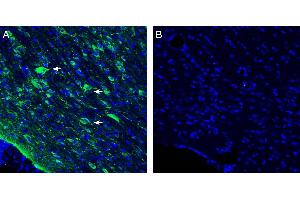 Expression of Vasopressin V1A Receptor in rat horizontal diagonal band. (AVPR1A anticorps  (Intracellular))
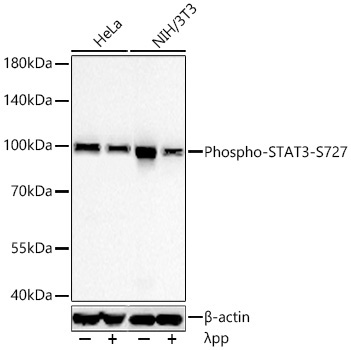 Phospho-STAT3-S727 Rabbit Monoclonal Antibody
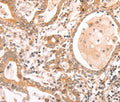 ABCF1 Polyclonal Antibody – Figure 1 of 3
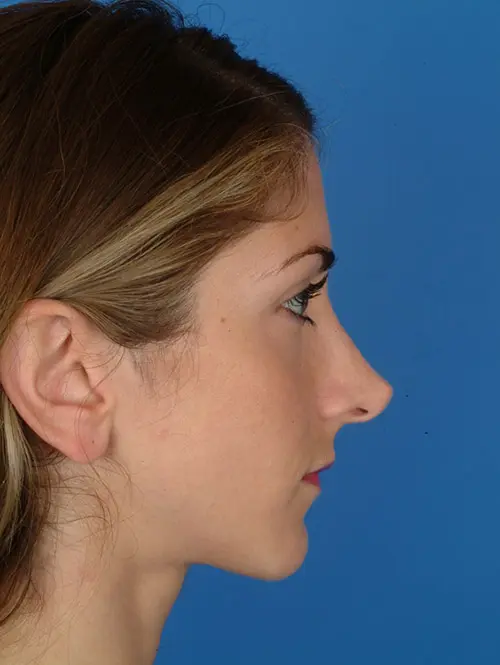 Revision rhinoplasty 2936 Profile View Pre Op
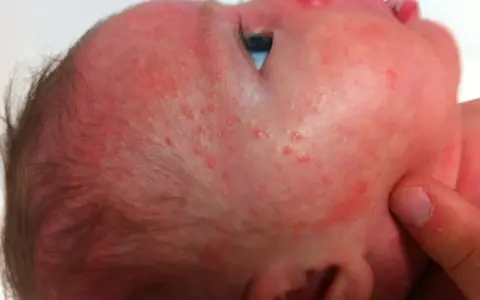 Bebé con sarpullido rojo y pequeños bultos en la cara y cabeza.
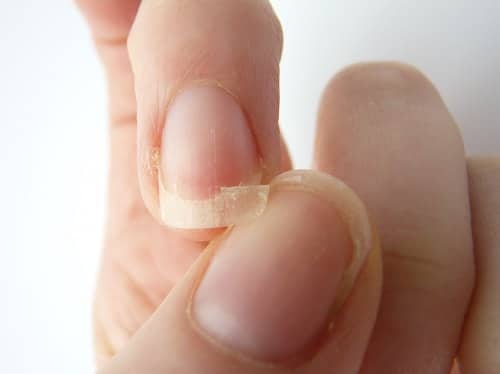 Benefits Of Castor Oil for Nails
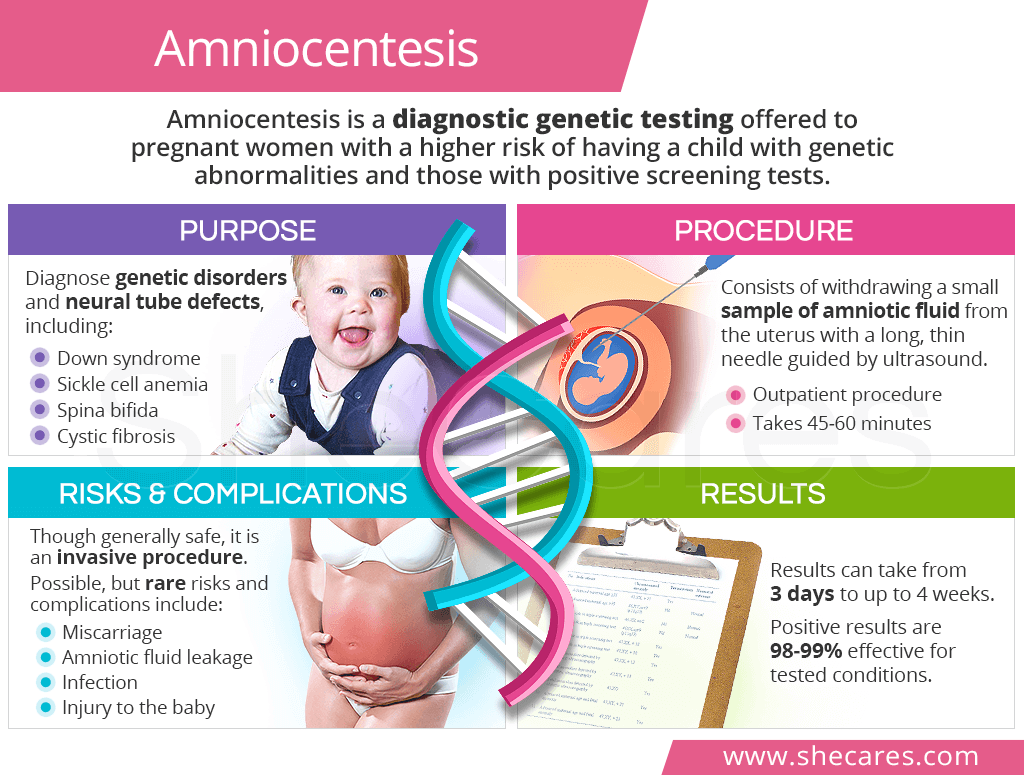 pre ipo investing risks of amniocentesis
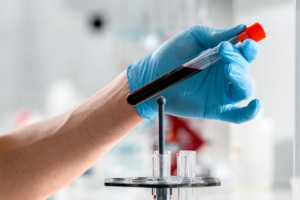 Read more about the article Methylhippuric acid (메틸마뇨산) 검사 크실렌(Xylene) 노출 지표와 중추신경계 독성 방어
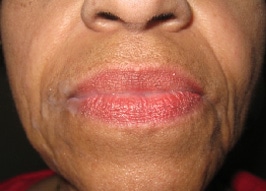 Before Juvederm Filler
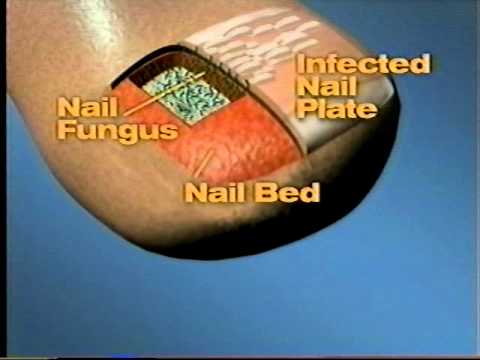 Halamang-singaw sa pagitan ng iyong mga binti sa singit sa mga babae Creams laban sa fungi ng paa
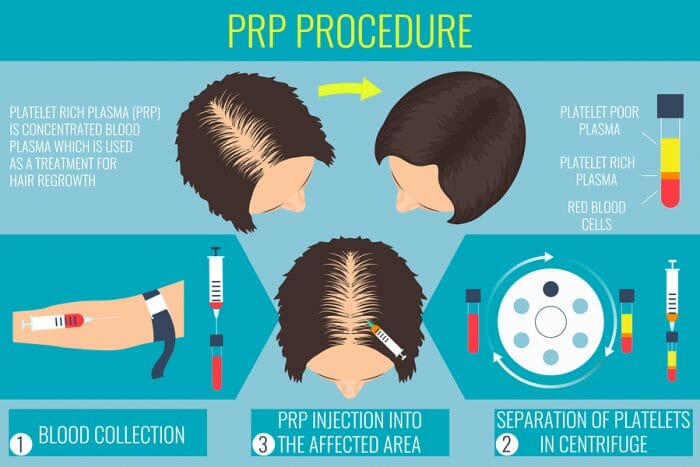 Infographic PRP Edmonton Procedure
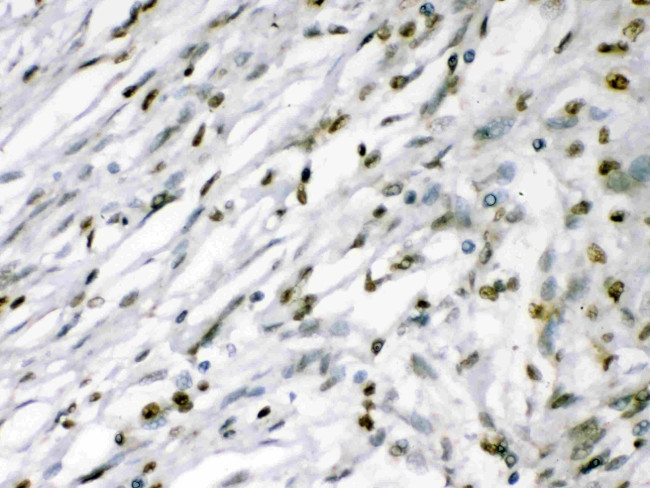 MEF2A Antibody in Immunohistochemistry (Paraffin) (IHC (P))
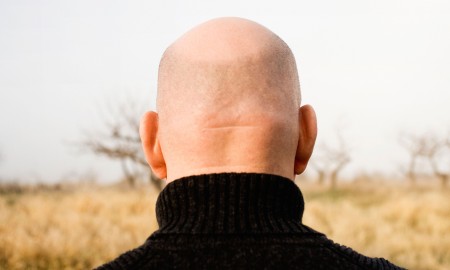 Bald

→ **DIRECTIONS**
Every picture stays out; reproduce exactly the lines from the one with "Infographic PRP Edmonton Procedure" through the last line of the data above.

→ **ANSWER BOX**
 Infographic PRP Edmonton Procedure
 MEF2A Antibody in Immunohistochemistry (Paraffin) (IHC (P))
 Bald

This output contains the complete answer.